Сегодня текст как таковой неинтересен. Молодежь предпочитает интернет, не живую книгу. Значит, надо создавать уникальные вещи, которые просто несут энергетическую информацию, а весь текст заложен в подсознании. Каждый будет читать свое. «Книга жизни», допустим, это будет называться. Таким я вижу будущее. А сам текст — даже не знаю, что с ним станет. Наверное, он должен в файлах лежать, они в скором времени будут через какие-то чипы в нашу голову внедряться. И читать не придется.
Зритель выхватывает контексты, поэтому приходится изобретать «крючочки», которые будут его цеплять. При этом он должен быть свободным, не нужно ему навязывать свою точку зрения. Надо понимать: назад дороги нет, все равно надо двигаться вперед.
У моего любимого Гоголя хотя и конкретные персонажи, но ты подмечаешь в произведениях вещи скрытые, как эзопов язык, не в лоб произнеснные, а иносказательно. Художник, который прошел период 70-80-х годов, запреты, разгромы выставок, понимание, что в душе ты не здесь находишься — с настроением этого поколения иносказательный язык точно совпадал. То время — это начало андеграунда. Потом стало понятно, что не надо менять язык, переходить к плакату. Лучше говорить иносказательно.
Когда начинаются какие-то сложности с администрацией, или разборки в Союзе художников, то можно это эзоповым языком передать.
Тебе дал бог дар, ты неси этот крест. Может, успеешь пройти несколько дорог, может, будешь писать одно и то же ради куска хлеба. Это выбор, что особенно остро понимаешь после 40 лет. У меня была работа «40-летний гололед», о понимании, что 40 лет скользил мимо.
В Томске немало странных случаев бывало, даже бумагу у меня крали. В этом есть нечто булгаковское. Еще об этом писателе я вспоминал, когда как-то забыл в такси свою работу с котом Бегемотом. Точно помню: машина была черная «Волга». Найти следов картины потом не удалось, пропала. Странности такие, хотя я не верю в мистику. Но невольно задумаешься после таких случаев.

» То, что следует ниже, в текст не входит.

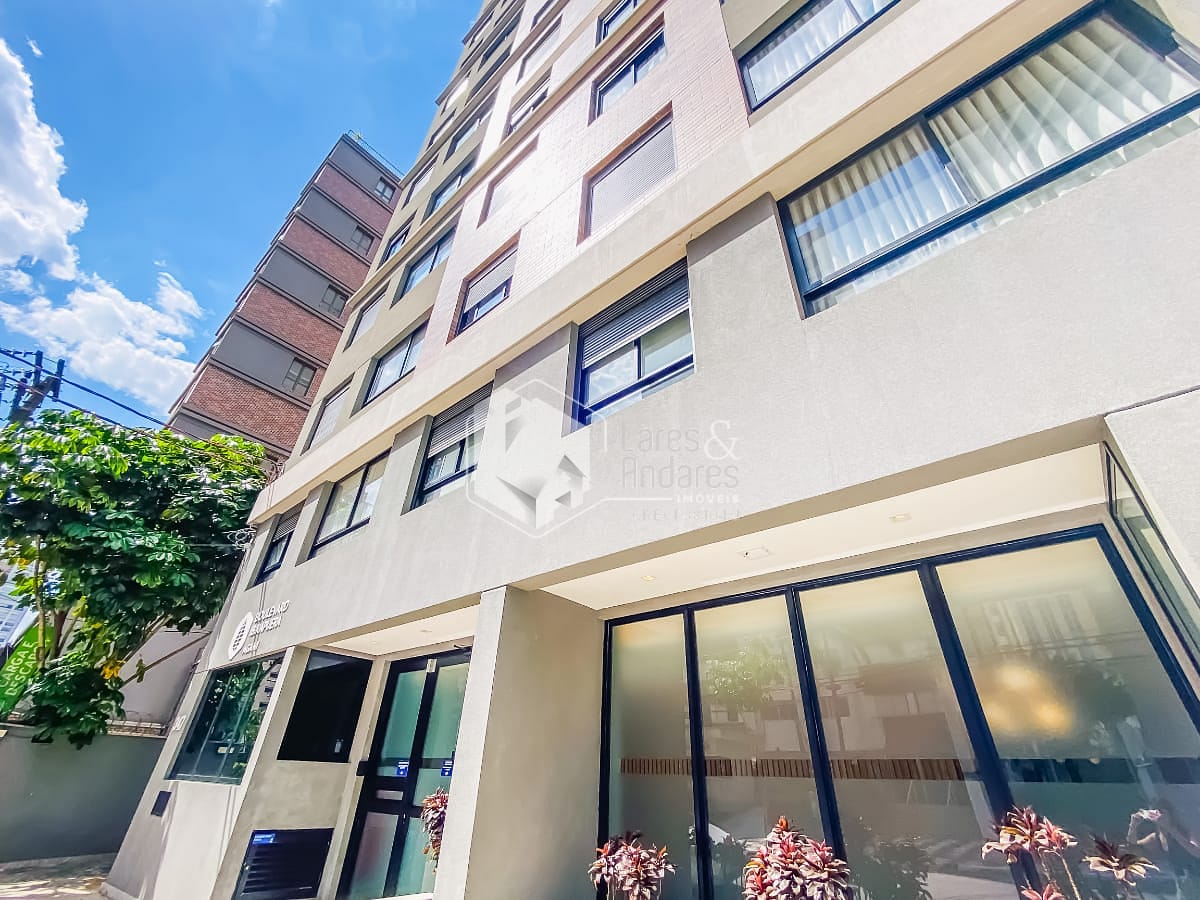 Apartamento, 2 quartos, 36 m² - Foto 34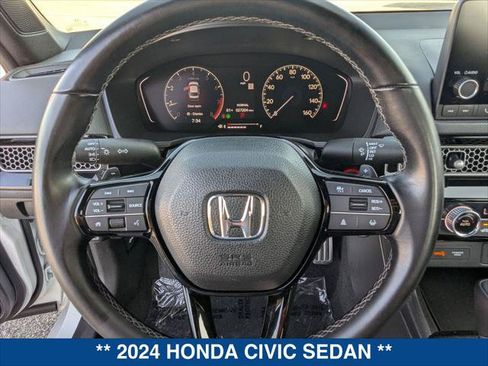 Used 2024 Honda Civic Sport image 13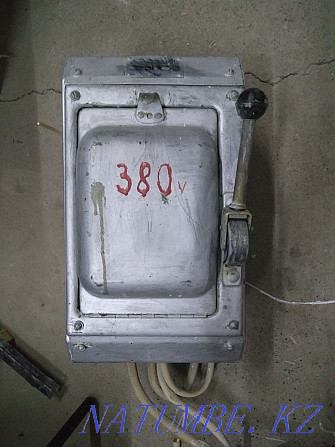 Электрический рубильник Актобе - изображение 2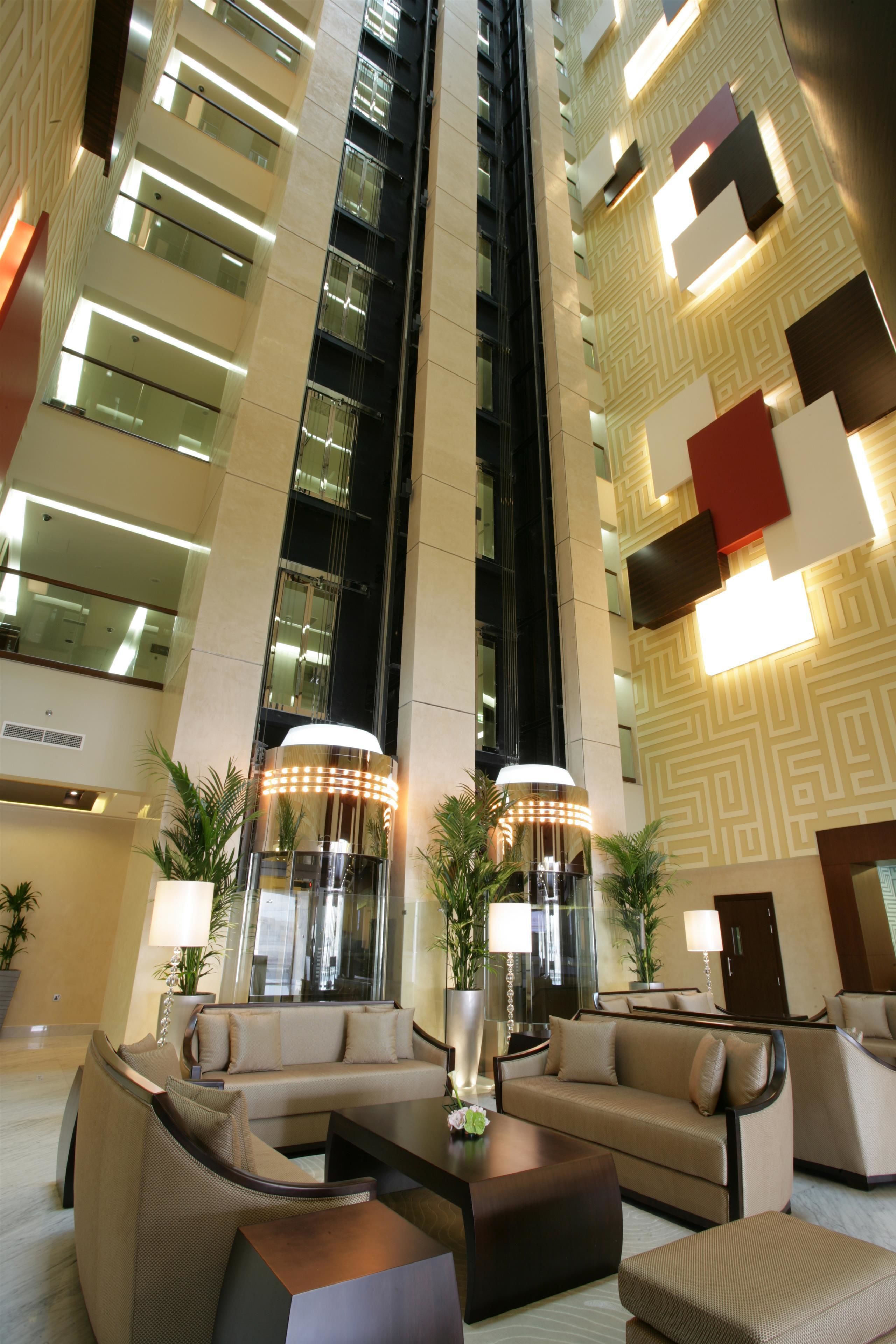 Elite Byblos Hotel - Mall of The Emirates
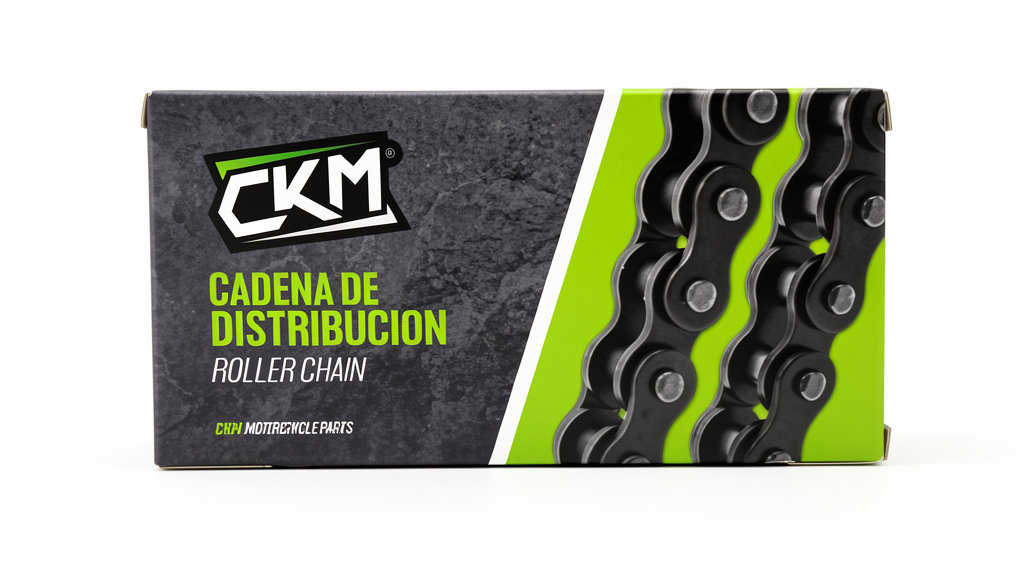 CKM Cadena de distribucion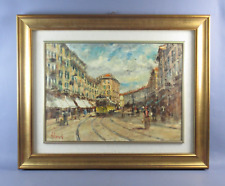 Quadro olio tela usato  Inverigo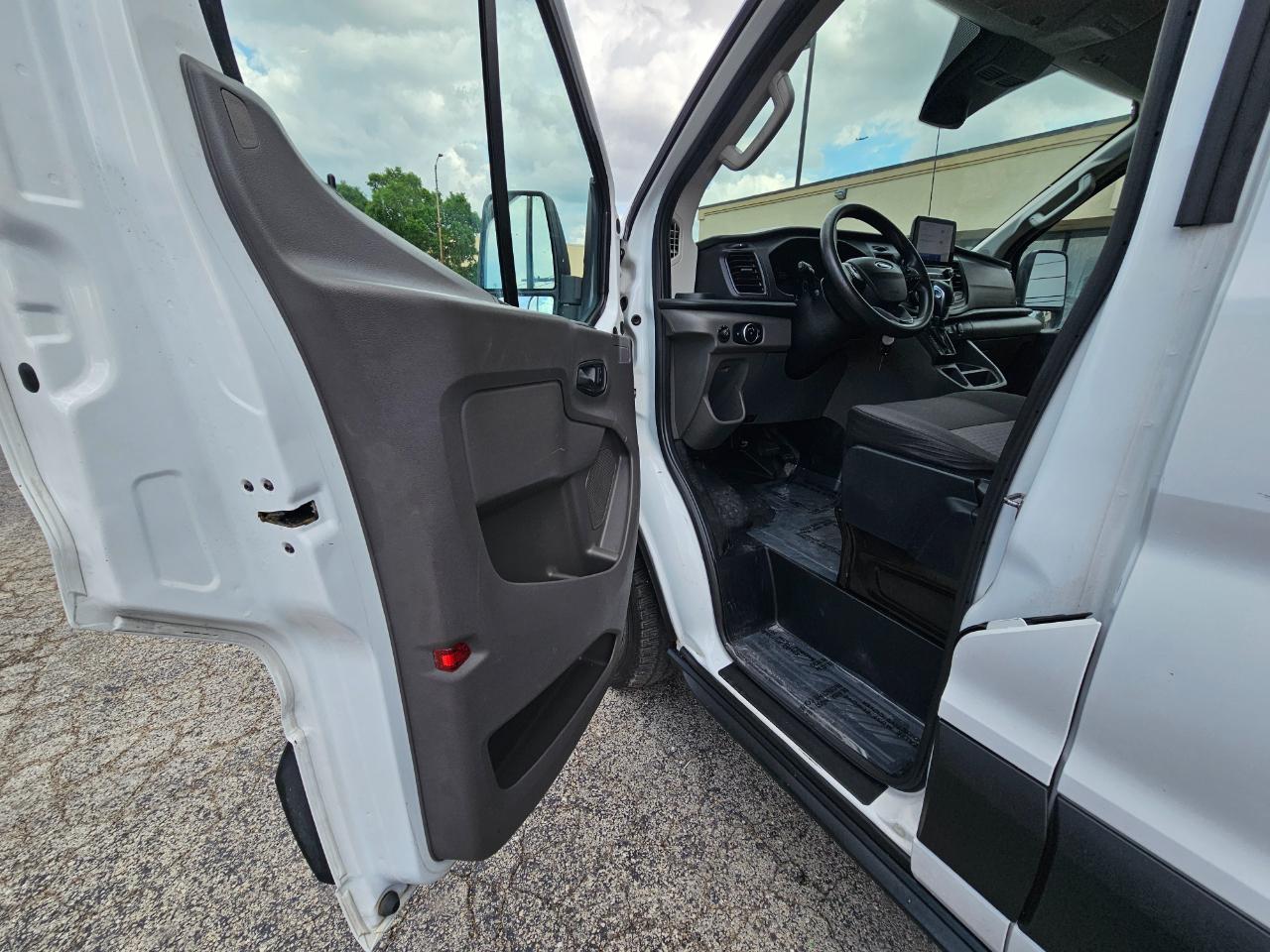 Ford Transit Cargo Van T-250 148" Low Rf 9070 GVWR AWD 2020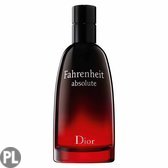 Christian Dior Fahrenheit absolute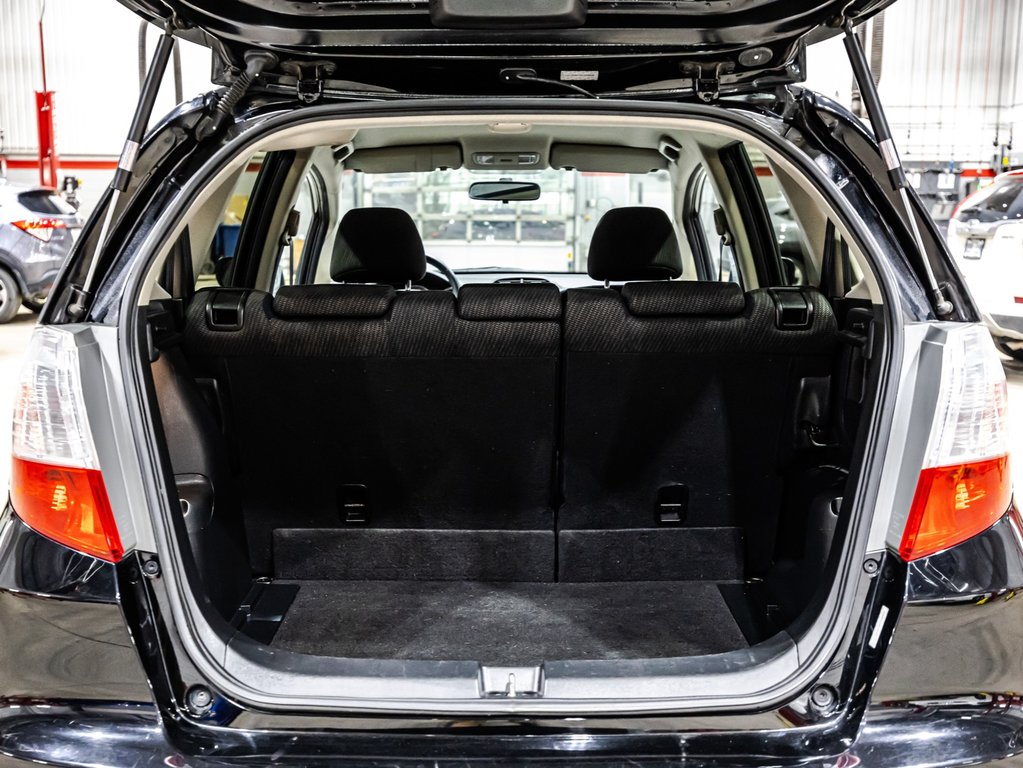 2013 Honda Fit Sport in , Quebec - 15 - w1024h768px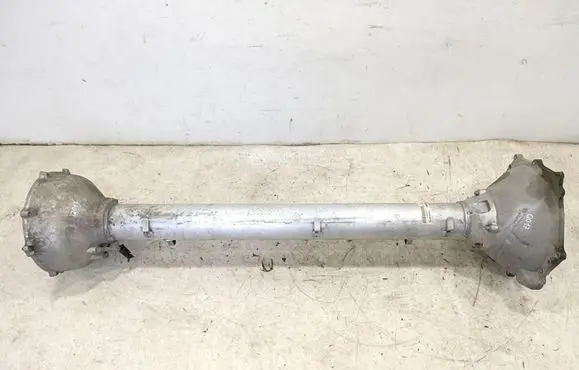Chevrolet Corvette C6 Drive shaft (set) 12568197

Сейчас я спрятался от всех. Выставки надоели, они ничего не меняют. В Томске мы все равно чужаки, я начал это ощущать сразу после переезда. Здесь купеческий консерватизм, васюганская хмарь летает в воздухе, она всех окутала, пожирает, поглощает. Инициатива наказуема. Начинаешь идеи выдавать — не поддержат, скорее дадут по башке.
В начале 2000-х мы с Татьяной вернулись из Парижа и придумали проект «Воскресные гости», собирались с молодыми поэтами и художниками, летом на улице делали акции. Зимой нас позвали в Музей деревянного зодчества, мы вели там мастер-классы. Когда проект стал популярен, начал собирать по 200 человек, то в васюганском мареве возникла одна реакция: «Закрыть». Однажды пришли на свой мастер-класс, а все вещи наши на снегу, и в музей нас пускать запретили. Разные есть подводные течения. Вот книжка же готовая получается, бери и пиши реальные истории! Чего читать-то других, ты свое прочитай, проанализируй, разложи по полочкам, чтобы в яму не попасть. А то все повторяется. Наша жизнь в Томске — это действительно книжка, интересная, местами даже детективная.